You are specifying "--dport" which is the destination port number. So, you are saying that your firewall should accept output packets coming from any port on your system just so long as they're going to TCP 4662, UDP 4665, or UDP 4672 ports at the destination. But many clients and almost all servers use different port numbers than those, so you won't be able to transmit to them. Even if a client keeps the default port configuration, the configured TCP port is only the one they use for incoming connections. Any connection attempt they make to you will have a different port number on their end, so these rules would prevent you from replying.
Did you maybe mean "--sport" for the source port number? That would change the rules so that your firewall would accept output packets to any destination port, but only if they originate from the specified ports on your system. That might make a little more sense, except it will limit your abilitiy to initiate TCP connections.
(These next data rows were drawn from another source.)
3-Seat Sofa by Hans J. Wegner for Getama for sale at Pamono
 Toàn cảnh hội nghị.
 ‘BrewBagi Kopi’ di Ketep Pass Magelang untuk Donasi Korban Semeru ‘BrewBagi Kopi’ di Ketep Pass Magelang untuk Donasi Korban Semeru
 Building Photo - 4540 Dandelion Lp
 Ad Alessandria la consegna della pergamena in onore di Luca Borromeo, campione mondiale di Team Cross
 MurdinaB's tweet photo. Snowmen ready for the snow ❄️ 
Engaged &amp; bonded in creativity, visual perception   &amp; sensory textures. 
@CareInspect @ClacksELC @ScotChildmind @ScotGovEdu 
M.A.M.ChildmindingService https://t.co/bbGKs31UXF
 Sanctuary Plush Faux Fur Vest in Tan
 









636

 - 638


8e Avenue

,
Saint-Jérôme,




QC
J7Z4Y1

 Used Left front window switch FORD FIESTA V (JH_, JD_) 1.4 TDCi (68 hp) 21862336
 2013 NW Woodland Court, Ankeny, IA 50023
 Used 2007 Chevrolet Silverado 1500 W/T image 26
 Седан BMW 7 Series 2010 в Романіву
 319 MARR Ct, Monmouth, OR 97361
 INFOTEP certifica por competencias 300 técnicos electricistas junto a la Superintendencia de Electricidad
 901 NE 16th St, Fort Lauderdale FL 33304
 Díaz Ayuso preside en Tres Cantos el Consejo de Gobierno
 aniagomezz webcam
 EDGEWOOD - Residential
For UDP, aMule sends from the same ports as it receives from, so the rule will allow aMule to send UDP to everyone. However, for TCP, aMule accepts connections on the port you configure (4662 by default) but it makes outgoing connections using an arbitrary port number. It can't use the same port number for accepting incoming connections as it uses to make outgoing connections.
So, I don't see a way to craft a rule which allows all aMule TCP communications in and out but disallows other programs from sending TCP packets out. I'm not an iptables expert by any means, so maybe somebody who's more familiar with it can correct me if I'm wrong. Maybe there's an extension to iptables which controls packets based on the originating program. I see in the
iptables documentation that there's a way to control packets based on the user ID of the originating program. If you set up a special user account on your system and run aMule from there, that would do what you want.